Clu. HDBSCAN
Performs Hierarchical Density-Based Spatial Clustering (HDBSCAN) and computes intrinsic metrics.
Clu. HDBSCAN
Processing
This brick groups your data points into clusters based on density using the HDBSCAN (Hierarchical Density-Based Spatial Clustering of Applications with Noise) algorithm. Unlike other methods (like K-Means), you do not need to specify the number of clusters in advance.
The brick analyzes the "density" of your data to find natural groupings. It identifies areas where data points are concentrated and separates them from areas where points are sparse. It also automatically detects outliers—data points that don't fit well into any cluster—and labels them as noise.
It calculates three intrinsic metrics (Silhouette Score, Calinski-Harabasz, and Davies-Bouldin) to help you evaluate how well the clusters are separated and defined.
Inputs
- data
- The dataset you want to cluster. This must contain only numerical values (integers, floats, or booleans). If your data contains text or dates, you must remove or encode them before using this brick.
Inputs Types
| Input | Types |
|---|---|
data |
DataFrame |
You can check the list of supported types here: Available Type Hints.
Outputs
- Clustered data
- The original input data with an additional column (default name:
cluster_id) indicating the group assignment for each row. A cluster ID of-1indicates "Noise", the algorithm determined this point does not belong to any specific cluster. - Metrics
- A summary of the clustering quality scores. Depending on your settings, this is returned as either a small table (DataFrame) or a list of key-value pairs (Dictionary).
The Metrics output contains the following specific data fields (keys or rows):
- Silhouette Score: Measures how similar an object is to its own cluster compared to other clusters. Ranges from -1 to 1 (higher is better).
- Calinski-Harabasz: The ratio of dispersion between and within clusters. Higher scores indicate better-defined clusters.
- Davies-Bouldin: The average similarity measure of each cluster with its most similar cluster. Lower scores indicate better separation.
Outputs Types
| Output | Types |
|---|---|
Clustered data |
DataFrame |
Metrics |
DataFrame, Dict |
You can check the list of supported types here: Available Type Hints.
Options
The Clu. HDBSCAN brick contains some changeable options:
- Min. Cluster Size
- The smallest number of data points allowed to form a valid cluster. Increasing this value prevents the creation of many tiny "micro-clusters," forcing the algorithm to find larger, more significant groups.
- Min. Samples
- Controls how conservative the clustering is. It determines how many neighbors a point needs to be considered a "core" part of a cluster. The larger the value, the more points will be declared as noise/outliers.

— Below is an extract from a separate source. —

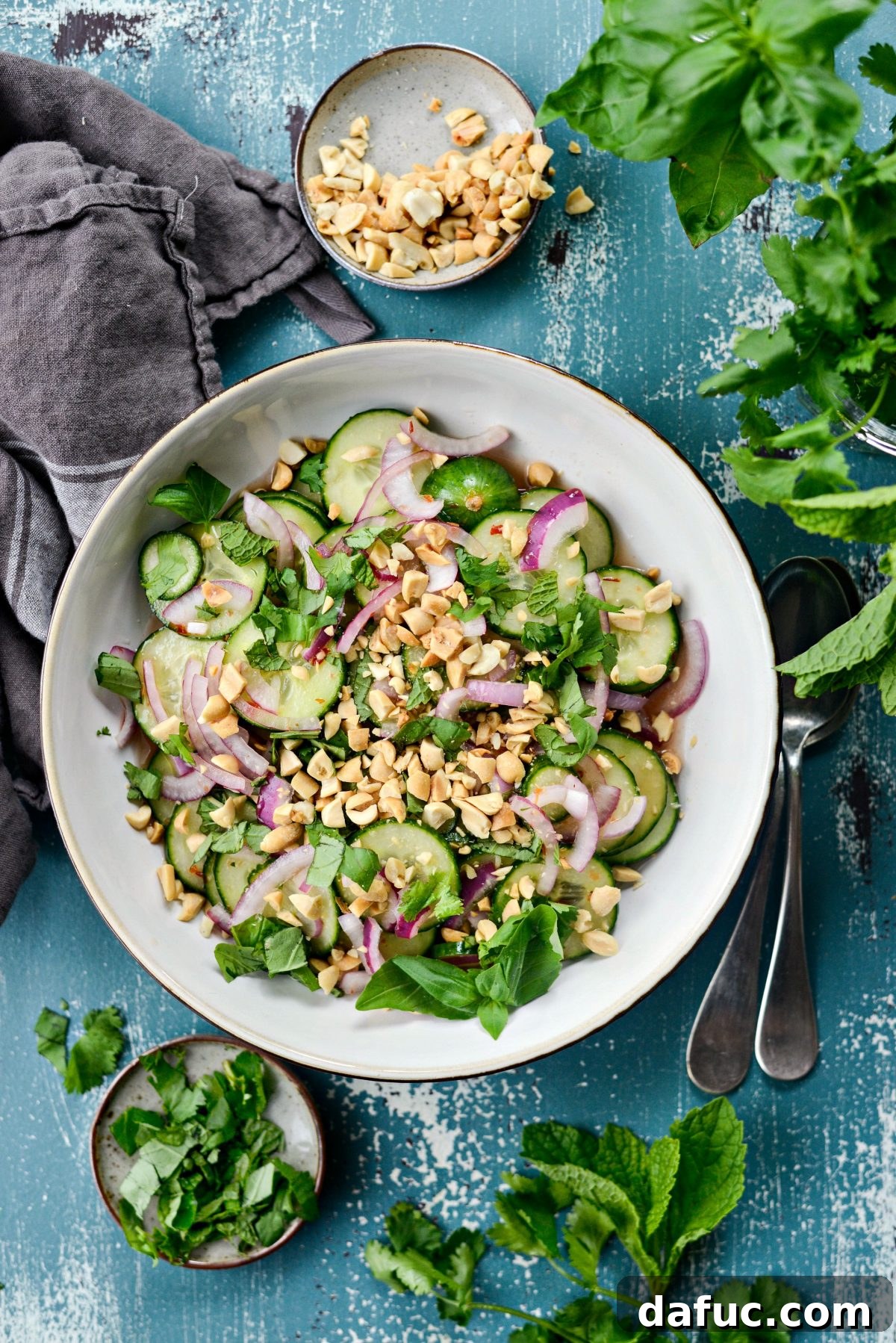 Final presentation of Thai Cucumber Salad, garnished with fresh herbs and peanuts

- Cluster Selection Epsilon
- A distance threshold that allows clusters to merge. If set above 0, clusters that are physically closer than this distance will be combined into a single group.
- Distance Metric
- The method used to calculate the distance between data points.

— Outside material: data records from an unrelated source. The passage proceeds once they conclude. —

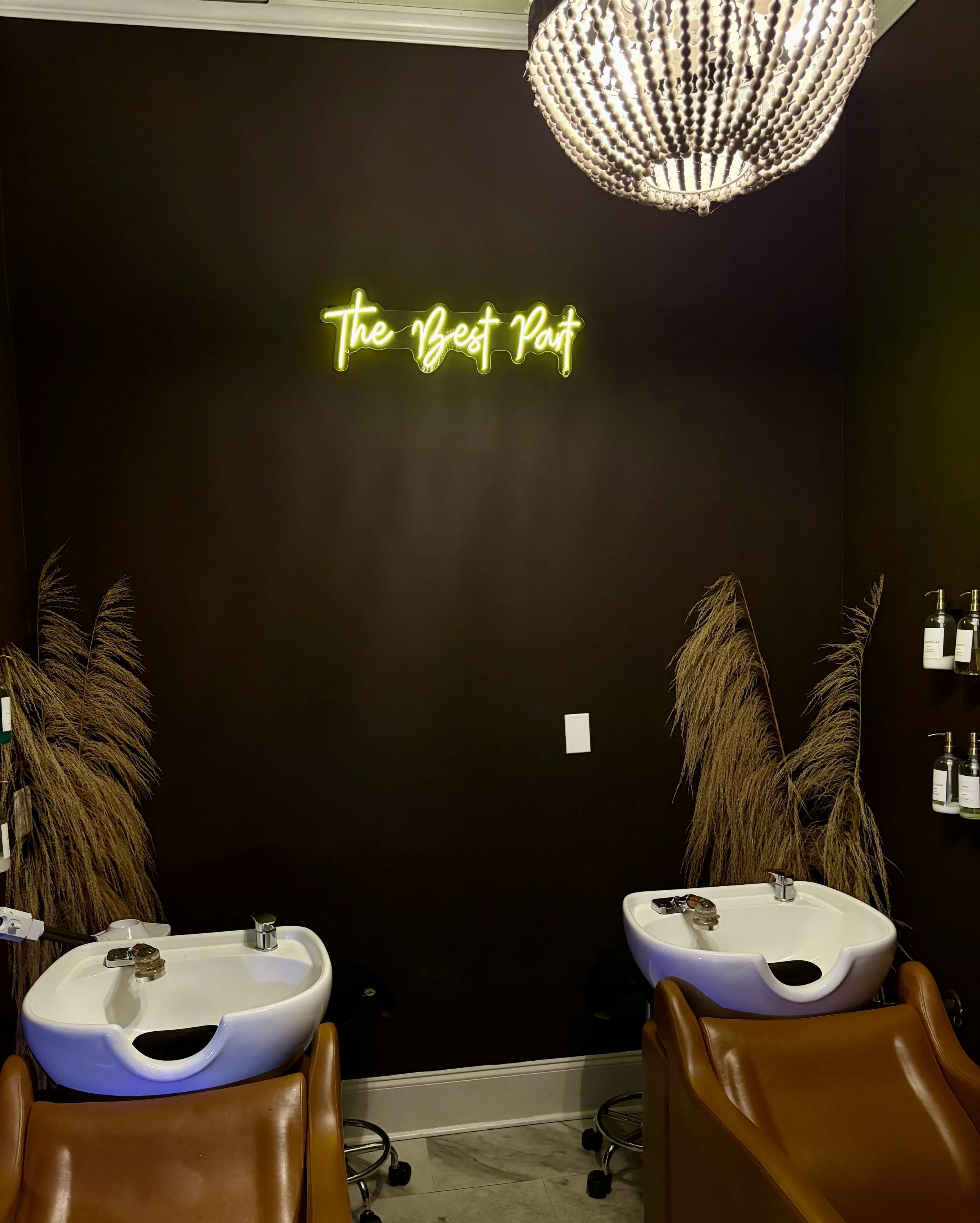 Salon wash stations with hair sinks and chairs, decorative pampas grass, a neon sign that reads 'The Best Part', a chandelier, and shelves with hair products on a dark painted wall.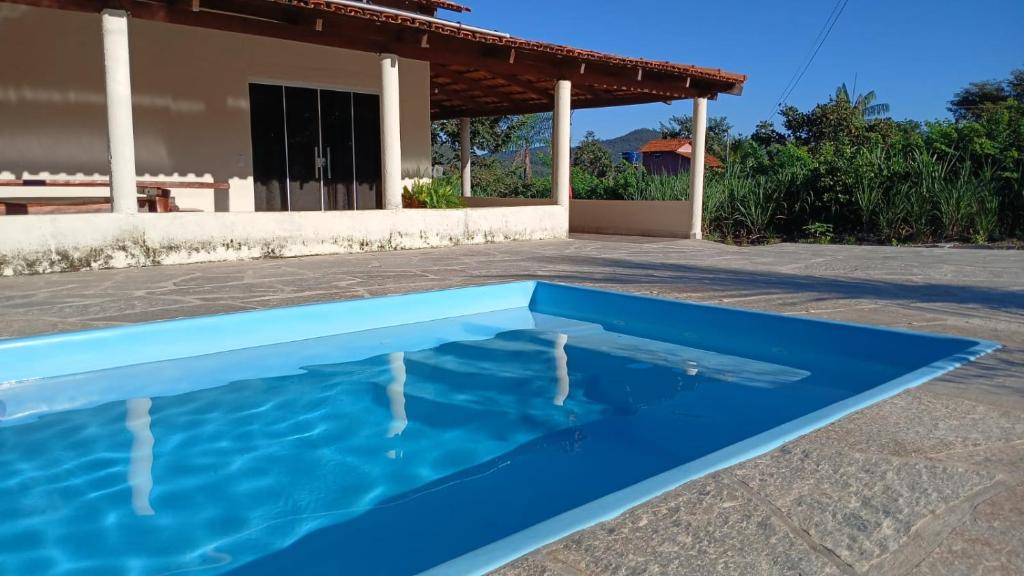 a blue swimming pool in front of a house at Paraíso do Sossego Pirenópolis in Pirenópolis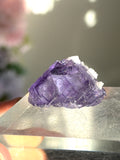 A raw purple fluorite crystal cluster with white quartz points, resting on a clear acrylic display block.
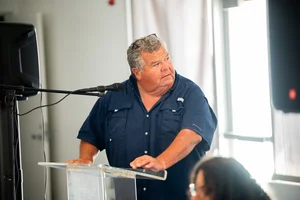 a man speaking at the podium at the event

- Euclidean: Standard straight-line distance. Good for most general geometric data.
- Manhattan: Grid-like distance (sum of absolute differences). Good for high-dimensional data.
- Chebyshev: The greatest difference along any single dimension.
- Cosine: Measures the angle between vectors rather than magnitude.
- Selection Method
- The strategy used to flatten the hierarchical tree into flat clusters.
- EOM (Excess of Mass): The standard method. It tends to produce clusters of varying densities and is usually the best choice.
- Leaf: Produces the most granular (fine-detailed) clustering possible. It tends to find many small, homogeneous clusters.
- Search Algorithm
- The internal algorithm used to find nearest neighbors.
- Auto: Automatically selects the best method based on the data structure.
- Brute: Compares every point to every other point (slow for large data).
- KD-Tree: Efficient for lower-dimensional data.
- Ball-Tree: Efficient for higher-dimensional data.
- Allow Single Cluster
- If enabled, allows the algorithm to determine that the entire dataset forms just one single cluster. By default, it prefers to find at least two or classify points as noise.
- Cluster Column Name
- The name of the new column that will be added to your data containing the cluster labels (e.g.,
cluster_id). - Metrics Output Format
- Determines how the quality scores are returned in the
Metricsoutput. - Verbose
- If enabled, detailed logs about the clustering process (number of clusters found, noise count, calculation times) will be printed to the logs.
import logging
import pandas as pd
import polars as pl
import numpy as np
from scipy import sparse
from sklearn.cluster import HDBSCAN
from sklearn.metrics import (
silhouette_score,
calinski_harabasz_score,
davies_bouldin_score,
)
from coded_flows.types import DataFrame, Tuple, Union, Dict, Any
from coded_flows.utils import CodedFlowsLogger
logger = CodedFlowsLogger(name="Clu. HDBSCAN", level=logging.INFO)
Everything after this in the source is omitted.